Problem description
From first line to last, copy the material below exactly.

Source material

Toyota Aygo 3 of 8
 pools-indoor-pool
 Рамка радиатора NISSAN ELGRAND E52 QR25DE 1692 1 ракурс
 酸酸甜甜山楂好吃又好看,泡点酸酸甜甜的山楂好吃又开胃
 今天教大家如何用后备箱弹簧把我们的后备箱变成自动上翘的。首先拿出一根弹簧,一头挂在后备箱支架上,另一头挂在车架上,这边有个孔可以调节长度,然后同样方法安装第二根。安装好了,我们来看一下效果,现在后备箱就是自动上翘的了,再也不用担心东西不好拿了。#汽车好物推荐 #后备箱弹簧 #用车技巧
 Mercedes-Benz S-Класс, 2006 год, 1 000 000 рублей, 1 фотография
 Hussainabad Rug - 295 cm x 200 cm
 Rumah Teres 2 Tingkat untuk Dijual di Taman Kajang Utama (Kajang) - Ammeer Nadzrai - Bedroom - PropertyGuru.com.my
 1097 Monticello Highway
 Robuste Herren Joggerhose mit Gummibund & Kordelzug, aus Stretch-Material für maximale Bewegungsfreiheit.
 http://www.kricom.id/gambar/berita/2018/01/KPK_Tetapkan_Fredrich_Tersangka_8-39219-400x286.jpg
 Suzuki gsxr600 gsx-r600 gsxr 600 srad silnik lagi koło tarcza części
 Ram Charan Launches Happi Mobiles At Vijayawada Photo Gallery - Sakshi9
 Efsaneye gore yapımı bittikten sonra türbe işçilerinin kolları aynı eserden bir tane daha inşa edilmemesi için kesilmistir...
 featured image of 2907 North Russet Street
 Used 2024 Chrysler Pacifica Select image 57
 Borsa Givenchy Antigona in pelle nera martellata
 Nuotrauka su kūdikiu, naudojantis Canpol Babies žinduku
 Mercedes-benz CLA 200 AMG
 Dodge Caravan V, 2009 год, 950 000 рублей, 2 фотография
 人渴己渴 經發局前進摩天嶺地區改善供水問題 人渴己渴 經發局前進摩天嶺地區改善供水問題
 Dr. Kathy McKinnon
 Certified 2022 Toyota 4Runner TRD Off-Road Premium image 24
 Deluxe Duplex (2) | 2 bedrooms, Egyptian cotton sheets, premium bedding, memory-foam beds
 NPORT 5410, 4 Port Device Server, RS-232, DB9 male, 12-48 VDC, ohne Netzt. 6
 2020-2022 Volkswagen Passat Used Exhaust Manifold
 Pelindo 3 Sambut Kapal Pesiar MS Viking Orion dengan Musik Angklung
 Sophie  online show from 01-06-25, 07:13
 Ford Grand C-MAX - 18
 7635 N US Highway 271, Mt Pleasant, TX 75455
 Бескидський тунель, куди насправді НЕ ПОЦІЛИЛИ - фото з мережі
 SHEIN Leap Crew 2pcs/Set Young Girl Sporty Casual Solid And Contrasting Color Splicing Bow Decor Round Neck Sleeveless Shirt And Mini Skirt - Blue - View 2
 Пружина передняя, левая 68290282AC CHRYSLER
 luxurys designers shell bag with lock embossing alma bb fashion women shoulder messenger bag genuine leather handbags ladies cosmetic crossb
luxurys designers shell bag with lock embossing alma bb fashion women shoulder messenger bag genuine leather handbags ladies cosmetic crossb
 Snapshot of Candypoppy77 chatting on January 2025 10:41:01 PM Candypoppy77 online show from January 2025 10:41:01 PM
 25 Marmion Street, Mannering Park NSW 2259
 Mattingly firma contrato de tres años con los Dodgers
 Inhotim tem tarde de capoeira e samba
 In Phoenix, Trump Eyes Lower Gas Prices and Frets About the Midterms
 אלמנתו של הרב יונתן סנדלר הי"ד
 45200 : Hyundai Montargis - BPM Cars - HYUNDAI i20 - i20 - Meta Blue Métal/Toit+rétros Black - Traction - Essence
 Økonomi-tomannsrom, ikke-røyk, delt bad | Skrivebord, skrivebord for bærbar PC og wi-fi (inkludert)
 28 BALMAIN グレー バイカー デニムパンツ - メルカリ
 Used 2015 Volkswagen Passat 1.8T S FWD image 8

Written answer
Toyota Aygo 3 of 8
 pools-indoor-pool
 Рамка радиатора NISSAN ELGRAND E52 QR25DE 1692 1 ракурс
 酸酸甜甜山楂好吃又好看,泡点酸酸甜甜的山楂好吃又开胃
 今天教大家如何用后备箱弹簧把我们的后备箱变成自动上翘的。首先拿出一根弹簧,一头挂在后备箱支架上,另一头挂在车架上,这边有个孔可以调节长度,然后同样方法安装第二根。安装好了,我们来看一下效果,现在后备箱就是自动上翘的了,再也不用担心东西不好拿了。#汽车好物推荐 #后备箱弹簧 #用车技巧
 Mercedes-Benz S-Класс, 2006 год, 1 000 000 рублей, 1 фотография
 Hussainabad Rug - 295 cm x 200 cm
 Rumah Teres 2 Tingkat untuk Dijual di Taman Kajang Utama (Kajang) - Ammeer Nadzrai - Bedroom - PropertyGuru.com.my
 1097 Monticello Highway
 Robuste Herren Joggerhose mit Gummibund & Kordelzug, aus Stretch-Material für maximale Bewegungsfreiheit.
 http://www.kricom.id/gambar/berita/2018/01/KPK_Tetapkan_Fredrich_Tersangka_8-39219-400x286.jpg
 Suzuki gsxr600 gsx-r600 gsxr 600 srad silnik lagi koło tarcza części
 Ram Charan Launches Happi Mobiles At Vijayawada Photo Gallery - Sakshi9
 Efsaneye gore yapımı bittikten sonra türbe işçilerinin kolları aynı eserden bir tane daha inşa edilmemesi için kesilmistir...
 featured image of 2907 North Russet Street
 Used 2024 Chrysler Pacifica Select image 57
 Borsa Givenchy Antigona in pelle nera martellata
 Nuotrauka su kūdikiu, naudojantis Canpol Babies žinduku
 Mercedes-benz CLA 200 AMG
 Dodge Caravan V, 2009 год, 950 000 рублей, 2 фотография
 人渴己渴 經發局前進摩天嶺地區改善供水問題 人渴己渴 經發局前進摩天嶺地區改善供水問題
 Dr. Kathy McKinnon
 Certified 2022 Toyota 4Runner TRD Off-Road Premium image 24
 Deluxe Duplex (2) | 2 bedrooms, Egyptian cotton sheets, premium bedding, memory-foam beds
 NPORT 5410, 4 Port Device Server, RS-232, DB9 male, 12-48 VDC, ohne Netzt. 6
 2020-2022 Volkswagen Passat Used Exhaust Manifold
 Pelindo 3 Sambut Kapal Pesiar MS Viking Orion dengan Musik Angklung
 Sophie  online show from 01-06-25, 07:13
 Ford Grand C-MAX - 18
 7635 N US Highway 271, Mt Pleasant, TX 75455
 Бескидський тунель, куди насправді НЕ ПОЦІЛИЛИ - фото з мережі
 SHEIN Leap Crew 2pcs/Set Young Girl Sporty Casual Solid And Contrasting Color Splicing Bow Decor Round Neck Sleeveless Shirt And Mini Skirt - Blue - View 2
 Пружина передняя, левая 68290282AC CHRYSLER
 luxurys designers shell bag with lock embossing alma bb fashion women shoulder messenger bag genuine leather handbags ladies cosmetic crossb
luxurys designers shell bag with lock embossing alma bb fashion women shoulder messenger bag genuine leather handbags ladies cosmetic crossb
 Snapshot of Candypoppy77 chatting on January 2025 10:41:01 PM Candypoppy77 online show from January 2025 10:41:01 PM
 25 Marmion Street, Mannering Park NSW 2259
 Mattingly firma contrato de tres años con los Dodgers
 Inhotim tem tarde de capoeira e samba
 In Phoenix, Trump Eyes Lower Gas Prices and Frets About the Midterms
 אלמנתו של הרב יונתן סנדלר הי"ד
 45200 : Hyundai Montargis - BPM Cars - HYUNDAI i20 - i20 - Meta Blue Métal/Toit+rétros Black - Traction - Essence
 Økonomi-tomannsrom, ikke-røyk, delt bad | Skrivebord, skrivebord for bærbar PC og wi-fi (inkludert)
 28 BALMAIN グレー バイカー デニムパンツ - メルカリ
 Used 2015 Volkswagen Passat 1.8T S FWD image 8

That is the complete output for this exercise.